# Your goal
Without including any pictures, write out the data below exactly.

# Collected data

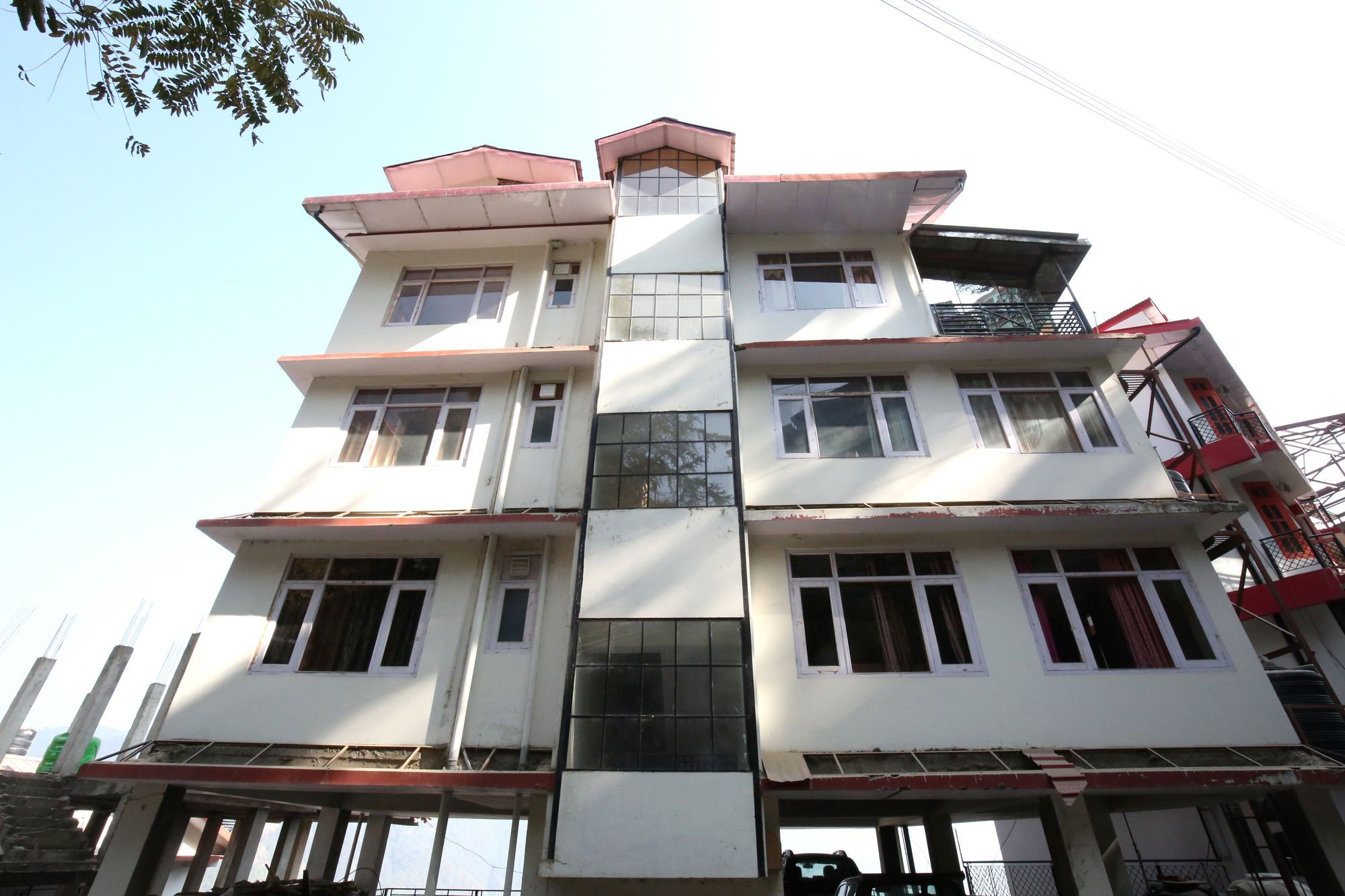 Oyo 10083 Golden Forest View 2bhk Bhattakufer Apartment *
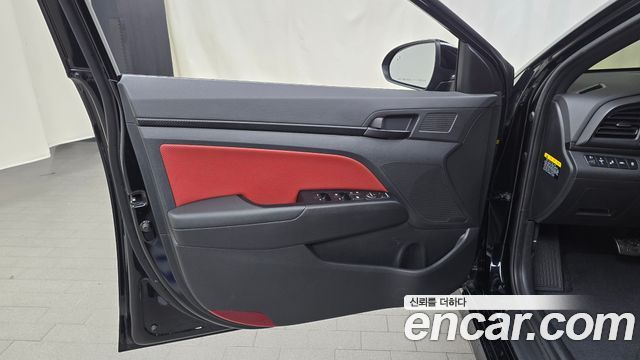 Hyundai Avante (AD) 1.6 Turbo Sport Premium 2020 — фото 24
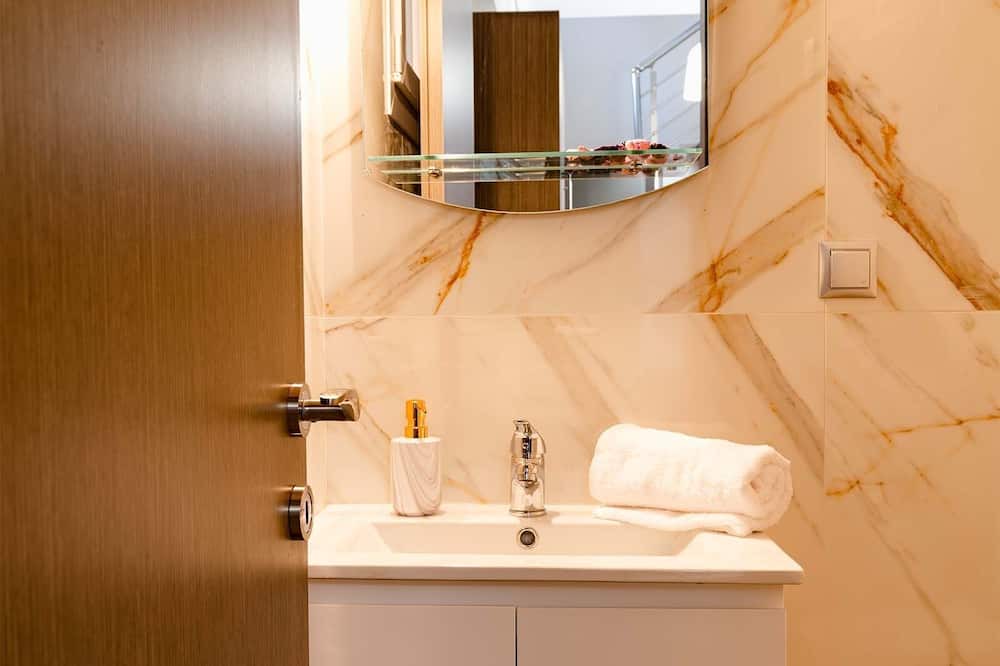 Photo of Bathroom in Flogita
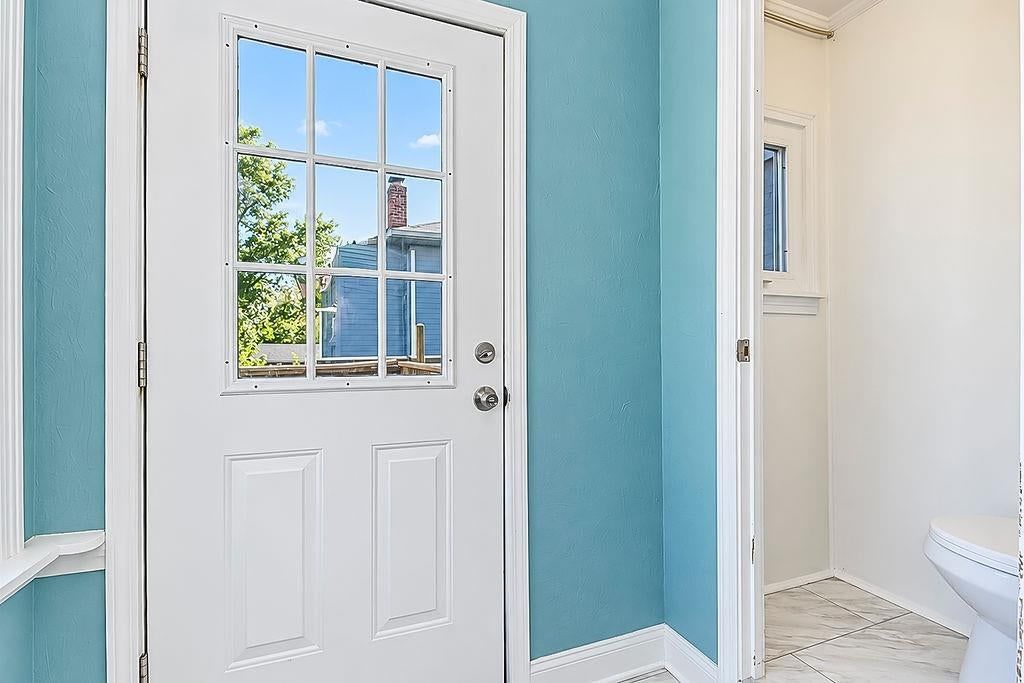 Photo 13 of 28 - 4217 Holmes Street, Kansas City, MO 64110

# Solution to this problem
 Oyo 10083 Golden Forest View 2bhk Bhattakufer Apartment *
 Hyundai Avante (AD) 1.6 Turbo Sport Premium 2020 — фото 24
 Photo of Bathroom in Flogita
 Photo 13 of 28 - 4217 Holmes Street, Kansas City, MO 64110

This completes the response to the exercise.